Optimize Training Speed for Recommendation System Using Subnetworks

I am building a recommendation system inspired by YouTube’s “Deep Neural Networks for YouTube Recommendations” paper. I will need to execute recommendations in real time so I structured it with low latency predictions in mind. The structure is the following

      |User Features|                         |Item Features|
               |                                   |
|Fully Connected NN_user|              |Fully Connected NN_item|
                \                        /
              |Concatenated output of both NNs|
                              |
                     |Fully Connected NN|
                              |
                           |output|

This is all one network built using two sub-networks.

The reason I did it this way is to create rich embeddings for the user and item based on their features which I could then store. At prediction time, I can retrieve the stored embeddings, then only the top NN needs to be executed and is therefore very fast. In testing, the model gives good results.

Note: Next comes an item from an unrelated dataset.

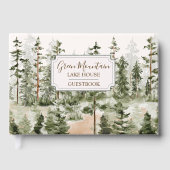 Rustieke Green Forest Cabin Lake House Gastenboek (Voorkant)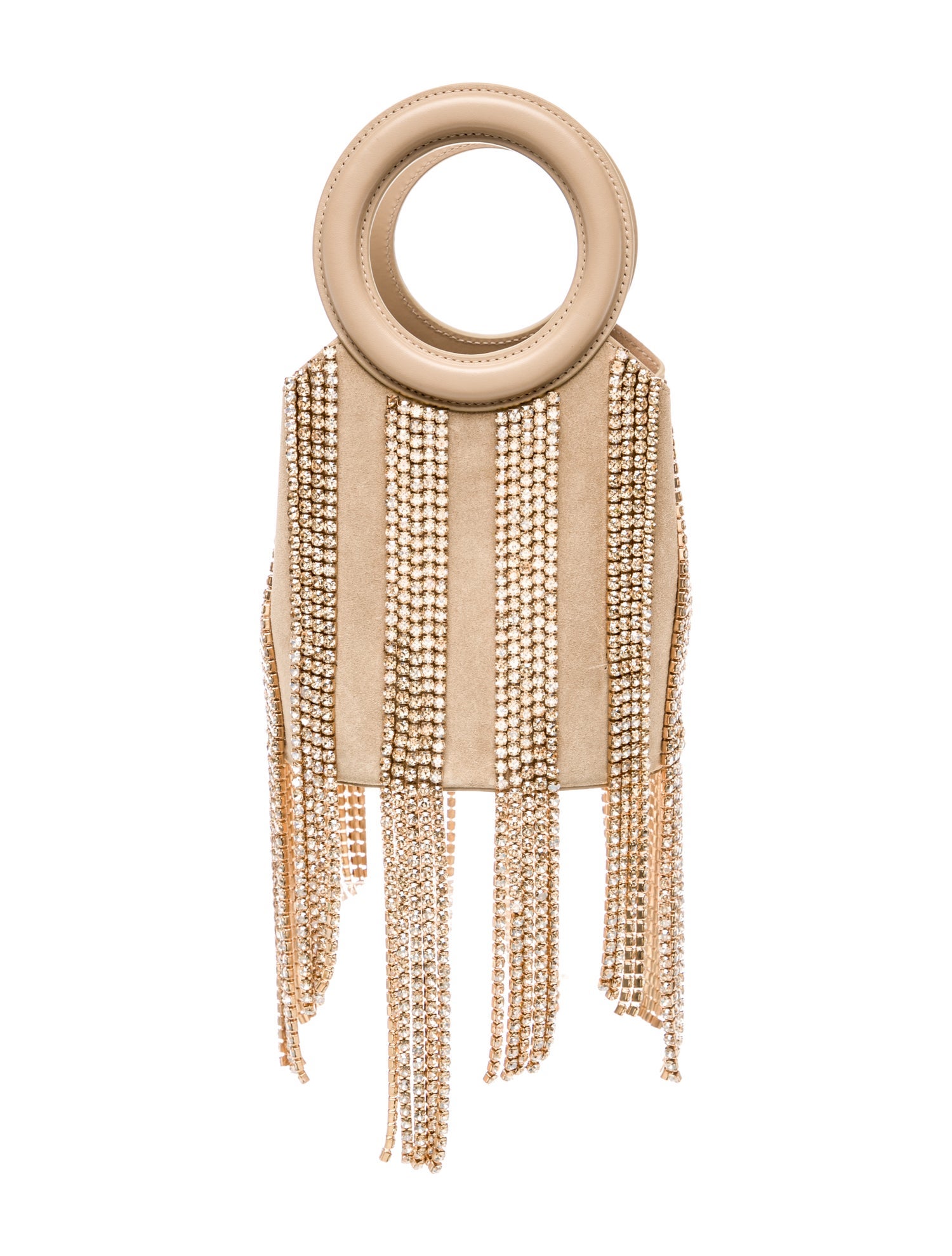 Cult Gaia Suede Top Handle Bag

My question is about decreasing the time it takes to train this model. Is there a way for Pytorch to execute the sub-networks in parallel? Using DataParallel splits that data and trains it in parallel, but I think that the two sub-NN are trained one after the other, even though they don’t need to be. The forward section of the model has the following structure:

def sub-network(features, **params):
      ....

def forward(user_features, item_features):
      user_embedding = sub-network(user_features)
      item_embedding = sub-network(item_features)
      x = torch.cat([user_embedding, item_embedding],1)
      ...

What is a good strategy for parallelizing the execution of the sub-network functions?

You do have several GPUs to make this worthwile, right?
Given the asynchronous nature of of GPU computation, you can just move one network and inputs to the second GPU. Then it will be queued serially, but executed in parallel. Just be sure to not introduce sync points.
Or you could look at the multiprocessing best practices for advice.

Best regards

Thomas